WHAT THE EXERCISE ASKS: Your answer must be a single number: the count of lines in the entries below that hold "Used".

INPUT:

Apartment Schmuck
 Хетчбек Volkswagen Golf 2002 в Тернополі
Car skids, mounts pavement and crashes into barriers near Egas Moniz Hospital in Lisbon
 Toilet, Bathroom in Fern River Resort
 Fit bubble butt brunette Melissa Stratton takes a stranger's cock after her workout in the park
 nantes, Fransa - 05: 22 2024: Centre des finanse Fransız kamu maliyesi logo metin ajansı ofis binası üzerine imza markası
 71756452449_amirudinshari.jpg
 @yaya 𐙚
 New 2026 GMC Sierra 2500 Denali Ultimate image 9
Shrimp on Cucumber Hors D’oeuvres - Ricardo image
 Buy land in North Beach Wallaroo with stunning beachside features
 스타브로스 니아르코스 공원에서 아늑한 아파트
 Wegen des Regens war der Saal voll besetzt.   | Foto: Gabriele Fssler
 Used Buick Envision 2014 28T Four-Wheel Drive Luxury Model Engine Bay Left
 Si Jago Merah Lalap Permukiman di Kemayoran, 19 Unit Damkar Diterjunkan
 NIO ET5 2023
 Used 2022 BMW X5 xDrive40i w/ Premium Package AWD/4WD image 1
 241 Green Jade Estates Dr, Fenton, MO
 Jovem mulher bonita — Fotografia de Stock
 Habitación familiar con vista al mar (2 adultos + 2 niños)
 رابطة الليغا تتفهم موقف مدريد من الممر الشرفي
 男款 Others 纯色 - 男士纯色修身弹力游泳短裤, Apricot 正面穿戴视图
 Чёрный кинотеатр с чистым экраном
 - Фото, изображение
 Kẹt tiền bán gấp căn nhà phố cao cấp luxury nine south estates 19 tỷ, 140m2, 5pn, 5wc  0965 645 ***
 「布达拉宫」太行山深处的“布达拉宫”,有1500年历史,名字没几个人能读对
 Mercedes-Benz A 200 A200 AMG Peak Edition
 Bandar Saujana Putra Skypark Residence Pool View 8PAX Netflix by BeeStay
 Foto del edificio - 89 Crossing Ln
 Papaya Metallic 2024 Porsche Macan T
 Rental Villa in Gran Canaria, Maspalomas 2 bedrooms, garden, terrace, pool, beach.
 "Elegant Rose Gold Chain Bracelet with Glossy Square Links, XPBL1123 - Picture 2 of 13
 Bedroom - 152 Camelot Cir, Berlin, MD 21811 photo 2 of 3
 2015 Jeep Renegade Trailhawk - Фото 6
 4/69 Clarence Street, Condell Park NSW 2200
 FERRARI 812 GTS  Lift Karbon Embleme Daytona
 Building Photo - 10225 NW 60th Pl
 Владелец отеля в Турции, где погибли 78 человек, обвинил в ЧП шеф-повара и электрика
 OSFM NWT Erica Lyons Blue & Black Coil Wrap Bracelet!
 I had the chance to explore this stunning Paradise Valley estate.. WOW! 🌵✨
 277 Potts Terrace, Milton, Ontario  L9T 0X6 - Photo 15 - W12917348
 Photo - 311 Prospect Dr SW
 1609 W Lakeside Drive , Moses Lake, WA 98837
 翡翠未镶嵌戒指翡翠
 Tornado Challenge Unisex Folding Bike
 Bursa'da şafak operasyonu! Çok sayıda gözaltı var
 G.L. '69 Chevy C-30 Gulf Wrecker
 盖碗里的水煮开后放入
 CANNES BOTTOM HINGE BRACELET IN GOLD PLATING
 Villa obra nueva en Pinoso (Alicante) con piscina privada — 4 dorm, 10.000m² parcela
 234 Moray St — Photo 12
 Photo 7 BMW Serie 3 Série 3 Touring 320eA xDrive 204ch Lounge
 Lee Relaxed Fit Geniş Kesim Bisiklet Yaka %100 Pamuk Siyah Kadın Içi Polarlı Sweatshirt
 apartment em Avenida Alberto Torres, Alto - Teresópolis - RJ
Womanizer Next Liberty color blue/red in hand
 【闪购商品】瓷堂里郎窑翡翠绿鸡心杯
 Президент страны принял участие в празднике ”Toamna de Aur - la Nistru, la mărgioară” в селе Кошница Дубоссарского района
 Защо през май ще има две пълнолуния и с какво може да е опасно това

TASK OUTPUT: 2